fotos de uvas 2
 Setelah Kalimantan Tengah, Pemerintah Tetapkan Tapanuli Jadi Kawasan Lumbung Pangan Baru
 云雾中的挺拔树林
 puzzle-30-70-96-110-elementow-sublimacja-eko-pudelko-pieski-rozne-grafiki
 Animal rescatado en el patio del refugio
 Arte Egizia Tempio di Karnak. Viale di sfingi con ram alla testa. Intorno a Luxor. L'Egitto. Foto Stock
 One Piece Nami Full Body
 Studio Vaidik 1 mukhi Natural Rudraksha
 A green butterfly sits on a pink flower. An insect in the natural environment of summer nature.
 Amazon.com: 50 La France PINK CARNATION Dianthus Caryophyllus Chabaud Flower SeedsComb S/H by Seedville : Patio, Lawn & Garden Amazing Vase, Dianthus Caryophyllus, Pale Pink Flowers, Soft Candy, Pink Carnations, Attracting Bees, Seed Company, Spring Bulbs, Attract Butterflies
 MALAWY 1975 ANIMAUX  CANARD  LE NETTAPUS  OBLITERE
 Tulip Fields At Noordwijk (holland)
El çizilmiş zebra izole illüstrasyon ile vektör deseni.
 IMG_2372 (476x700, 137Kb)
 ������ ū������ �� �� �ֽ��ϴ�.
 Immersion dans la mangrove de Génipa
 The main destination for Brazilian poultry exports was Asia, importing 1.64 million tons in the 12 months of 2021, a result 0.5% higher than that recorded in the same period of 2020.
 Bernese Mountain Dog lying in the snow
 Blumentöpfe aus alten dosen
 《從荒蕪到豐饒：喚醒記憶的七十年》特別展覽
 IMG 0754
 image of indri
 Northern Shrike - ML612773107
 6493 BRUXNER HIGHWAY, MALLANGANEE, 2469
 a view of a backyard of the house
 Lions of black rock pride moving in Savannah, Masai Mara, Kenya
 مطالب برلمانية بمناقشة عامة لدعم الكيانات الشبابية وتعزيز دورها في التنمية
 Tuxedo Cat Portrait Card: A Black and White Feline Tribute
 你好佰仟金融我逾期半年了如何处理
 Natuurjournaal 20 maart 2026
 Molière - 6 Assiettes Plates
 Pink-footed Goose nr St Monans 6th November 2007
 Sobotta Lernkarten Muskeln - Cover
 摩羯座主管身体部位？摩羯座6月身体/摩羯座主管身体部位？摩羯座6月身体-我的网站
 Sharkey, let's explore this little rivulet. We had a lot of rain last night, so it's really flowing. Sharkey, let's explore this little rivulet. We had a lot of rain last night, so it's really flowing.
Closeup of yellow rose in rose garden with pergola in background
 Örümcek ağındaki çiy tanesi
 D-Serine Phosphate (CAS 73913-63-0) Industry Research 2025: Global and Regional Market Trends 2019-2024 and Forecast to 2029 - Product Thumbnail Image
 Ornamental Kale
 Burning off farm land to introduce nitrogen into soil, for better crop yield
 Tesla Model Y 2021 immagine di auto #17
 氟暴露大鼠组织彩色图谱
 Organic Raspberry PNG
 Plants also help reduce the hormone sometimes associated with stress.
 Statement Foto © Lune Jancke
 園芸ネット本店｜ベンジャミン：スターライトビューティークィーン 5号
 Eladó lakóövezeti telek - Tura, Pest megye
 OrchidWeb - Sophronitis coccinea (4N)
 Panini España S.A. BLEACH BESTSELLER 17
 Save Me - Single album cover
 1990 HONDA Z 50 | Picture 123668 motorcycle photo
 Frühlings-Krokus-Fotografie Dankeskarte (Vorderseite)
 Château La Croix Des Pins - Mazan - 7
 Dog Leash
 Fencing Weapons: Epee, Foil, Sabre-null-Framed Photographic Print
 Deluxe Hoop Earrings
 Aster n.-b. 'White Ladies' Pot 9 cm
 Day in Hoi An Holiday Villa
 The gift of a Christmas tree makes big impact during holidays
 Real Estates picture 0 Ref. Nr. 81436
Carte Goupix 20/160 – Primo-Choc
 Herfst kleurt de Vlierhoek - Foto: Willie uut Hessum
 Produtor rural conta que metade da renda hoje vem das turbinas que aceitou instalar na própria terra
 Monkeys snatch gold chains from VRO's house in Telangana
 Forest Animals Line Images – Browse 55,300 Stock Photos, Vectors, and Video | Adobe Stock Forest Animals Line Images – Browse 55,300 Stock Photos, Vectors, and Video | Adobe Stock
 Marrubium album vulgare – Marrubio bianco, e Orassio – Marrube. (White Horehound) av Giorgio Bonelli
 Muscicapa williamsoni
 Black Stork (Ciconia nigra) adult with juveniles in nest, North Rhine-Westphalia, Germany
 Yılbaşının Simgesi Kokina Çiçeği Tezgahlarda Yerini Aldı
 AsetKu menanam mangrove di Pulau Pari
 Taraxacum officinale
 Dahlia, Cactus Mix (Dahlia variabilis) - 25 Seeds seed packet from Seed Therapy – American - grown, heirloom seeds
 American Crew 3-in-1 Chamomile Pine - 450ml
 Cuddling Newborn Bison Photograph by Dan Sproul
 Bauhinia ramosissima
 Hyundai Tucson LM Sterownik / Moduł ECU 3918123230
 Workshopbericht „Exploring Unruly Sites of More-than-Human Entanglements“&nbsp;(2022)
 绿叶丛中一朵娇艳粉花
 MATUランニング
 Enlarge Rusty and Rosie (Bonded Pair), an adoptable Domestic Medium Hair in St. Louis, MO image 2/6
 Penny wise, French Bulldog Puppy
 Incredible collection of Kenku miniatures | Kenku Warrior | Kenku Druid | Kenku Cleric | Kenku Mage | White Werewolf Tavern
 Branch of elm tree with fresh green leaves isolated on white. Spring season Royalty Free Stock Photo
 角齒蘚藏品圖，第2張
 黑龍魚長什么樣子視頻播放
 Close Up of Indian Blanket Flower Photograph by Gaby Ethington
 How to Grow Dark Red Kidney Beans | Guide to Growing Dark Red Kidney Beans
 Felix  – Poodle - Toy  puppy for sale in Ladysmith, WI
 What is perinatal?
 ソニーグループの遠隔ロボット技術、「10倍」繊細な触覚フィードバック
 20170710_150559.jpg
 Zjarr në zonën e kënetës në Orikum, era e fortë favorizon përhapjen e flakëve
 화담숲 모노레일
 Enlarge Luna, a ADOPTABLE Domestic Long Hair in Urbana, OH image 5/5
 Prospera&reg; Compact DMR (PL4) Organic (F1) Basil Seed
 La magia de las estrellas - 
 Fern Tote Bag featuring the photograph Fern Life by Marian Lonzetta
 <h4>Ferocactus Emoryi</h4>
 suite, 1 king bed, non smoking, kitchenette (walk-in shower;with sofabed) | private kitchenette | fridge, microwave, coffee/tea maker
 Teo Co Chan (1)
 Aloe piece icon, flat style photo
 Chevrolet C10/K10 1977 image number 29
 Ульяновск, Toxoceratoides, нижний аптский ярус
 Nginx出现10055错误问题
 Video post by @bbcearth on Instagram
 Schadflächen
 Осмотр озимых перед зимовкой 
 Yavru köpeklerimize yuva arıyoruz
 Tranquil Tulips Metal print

### Exercise goal
Which lines run from the one holding "Real Estates picture 0 Ref. Nr. 81436" through the one holding "AsetKu menanam mangrove di Pulau Pari" in the records above? Repeat them exactly, both included, and nothing more.

### Written solution
 Real Estates picture 0 Ref. Nr. 81436
Carte Goupix 20/160 – Primo-Choc
 Herfst kleurt de Vlierhoek - Foto: Willie uut Hessum
 Produtor rural conta que metade da renda hoje vem das turbinas que aceitou instalar na própria terra
 Monkeys snatch gold chains from VRO's house in Telangana
 Forest Animals Line Images – Browse 55,300 Stock Photos, Vectors, and Video | Adobe Stock Forest Animals Line Images – Browse 55,300 Stock Photos, Vectors, and Video | Adobe Stock
 Marrubium album vulgare – Marrubio bianco, e Orassio – Marrube. (White Horehound) av Giorgio Bonelli
 Muscicapa williamsoni
 Black Stork (Ciconia nigra) adult with juveniles in nest, North Rhine-Westphalia, Germany
 Yılbaşının Simgesi Kokina Çiçeği Tezgahlarda Yerini Aldı
 AsetKu menanam mangrove di Pulau Pari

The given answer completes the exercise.